SUPREME COURT OF NEW YORK, APPELLATE DIVISION, FIRST DEPARTMENT 1968.NY.42188 <http://www.versuslaw.com>; 291 N.Y.S.2d 151; 30 A.D.2d 193 June 18, 1968 HERMAN G. SCHWARTZ, RESPONDENT, AND ELAINE SCHWARTZ, PLAINTIFF,v.PUBLIC ADMINISTRATOR OF THE COUNTY OF BRONX, AS ADMINISTRATOR OF THE ESTATE OF GEORGE PANOFF, DECEASED, APPELLANT Appeal from an order of the Supreme Court at Special Term (Birdie Amsterdam, J.), entered October 20, 1967 in Bronx County, which denied defendant's motion for judgment dismissing the complaint.
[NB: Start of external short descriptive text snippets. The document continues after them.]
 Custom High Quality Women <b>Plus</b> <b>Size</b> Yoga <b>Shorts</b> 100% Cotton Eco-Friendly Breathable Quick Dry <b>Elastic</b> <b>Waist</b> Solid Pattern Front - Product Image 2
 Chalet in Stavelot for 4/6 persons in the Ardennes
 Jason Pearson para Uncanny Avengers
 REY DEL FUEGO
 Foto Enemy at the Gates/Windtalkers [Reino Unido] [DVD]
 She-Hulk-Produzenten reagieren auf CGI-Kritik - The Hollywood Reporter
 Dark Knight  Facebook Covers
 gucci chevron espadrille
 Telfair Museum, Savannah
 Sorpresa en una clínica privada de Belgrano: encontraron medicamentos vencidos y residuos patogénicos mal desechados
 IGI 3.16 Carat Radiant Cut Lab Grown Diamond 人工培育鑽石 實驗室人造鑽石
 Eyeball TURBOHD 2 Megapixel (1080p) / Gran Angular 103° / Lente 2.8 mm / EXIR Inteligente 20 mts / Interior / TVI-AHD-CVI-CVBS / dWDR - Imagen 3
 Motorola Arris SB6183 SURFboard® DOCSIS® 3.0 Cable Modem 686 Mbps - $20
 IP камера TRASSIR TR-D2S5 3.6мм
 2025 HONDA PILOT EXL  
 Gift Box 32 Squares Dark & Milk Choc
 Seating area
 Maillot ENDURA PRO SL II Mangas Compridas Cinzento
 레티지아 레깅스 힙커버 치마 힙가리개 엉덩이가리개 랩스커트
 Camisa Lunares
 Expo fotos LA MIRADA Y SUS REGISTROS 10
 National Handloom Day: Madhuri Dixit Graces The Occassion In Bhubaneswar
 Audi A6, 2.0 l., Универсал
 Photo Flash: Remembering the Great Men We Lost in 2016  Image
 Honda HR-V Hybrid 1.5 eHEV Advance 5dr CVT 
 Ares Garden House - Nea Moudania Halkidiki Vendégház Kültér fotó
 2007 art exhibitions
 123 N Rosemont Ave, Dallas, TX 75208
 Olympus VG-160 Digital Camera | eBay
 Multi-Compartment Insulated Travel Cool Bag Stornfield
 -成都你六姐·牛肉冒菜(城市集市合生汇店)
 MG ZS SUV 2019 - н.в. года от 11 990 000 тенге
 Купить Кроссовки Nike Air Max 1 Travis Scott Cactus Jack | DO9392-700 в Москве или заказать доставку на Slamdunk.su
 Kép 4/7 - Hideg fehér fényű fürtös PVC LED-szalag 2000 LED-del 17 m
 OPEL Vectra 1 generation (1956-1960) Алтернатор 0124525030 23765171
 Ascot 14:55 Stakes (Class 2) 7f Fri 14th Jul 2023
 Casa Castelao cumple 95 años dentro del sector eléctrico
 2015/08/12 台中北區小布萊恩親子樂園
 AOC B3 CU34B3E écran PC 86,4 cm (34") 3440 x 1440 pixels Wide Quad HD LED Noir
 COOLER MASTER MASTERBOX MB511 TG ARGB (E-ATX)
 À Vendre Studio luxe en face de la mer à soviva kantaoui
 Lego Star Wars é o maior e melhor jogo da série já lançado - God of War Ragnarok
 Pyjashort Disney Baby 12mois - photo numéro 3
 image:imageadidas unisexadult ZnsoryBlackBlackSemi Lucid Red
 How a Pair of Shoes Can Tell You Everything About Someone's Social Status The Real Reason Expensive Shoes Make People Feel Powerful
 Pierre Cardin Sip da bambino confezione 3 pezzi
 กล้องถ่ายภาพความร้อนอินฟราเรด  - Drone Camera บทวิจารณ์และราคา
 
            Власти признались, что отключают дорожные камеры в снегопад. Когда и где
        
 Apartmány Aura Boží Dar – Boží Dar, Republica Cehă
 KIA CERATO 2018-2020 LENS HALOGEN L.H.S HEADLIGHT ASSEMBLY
Robert G. Sheller of counsel (Morris L. Wolf and Edgar T. Schleider with him on the brief; Edward A. Harmon, attorney), for appellant. Kenneth B. Becker for respondent. Eager, J. P. Capozzoli and Tilzer, JJ., concur with Eager, J. P.,; Rabin, J., dissents in opinion in which McGivern, J., concurs. Author: Eager


Appeal from an order of the Supreme Court at Special Term (Birdie Amsterdam, J.), entered October 20, 1967 in Bronx County, which denied defendant's motion for judgment dismissing the complaint.

Eager, J. P. Capozzoli and Tilzer, JJ., concur with Eager, J. P.,; Rabin, J., dissents in opinion in which McGivern, J., concurs.

Author: Eager

 Sound judicial reasoning, in light of recent decisions of our courts, requires the sustaining of the defense of res judicata to the causes of action of the plaintiff Herman Schwartz. Defendant's motion to dismiss such causes of action should have been granted.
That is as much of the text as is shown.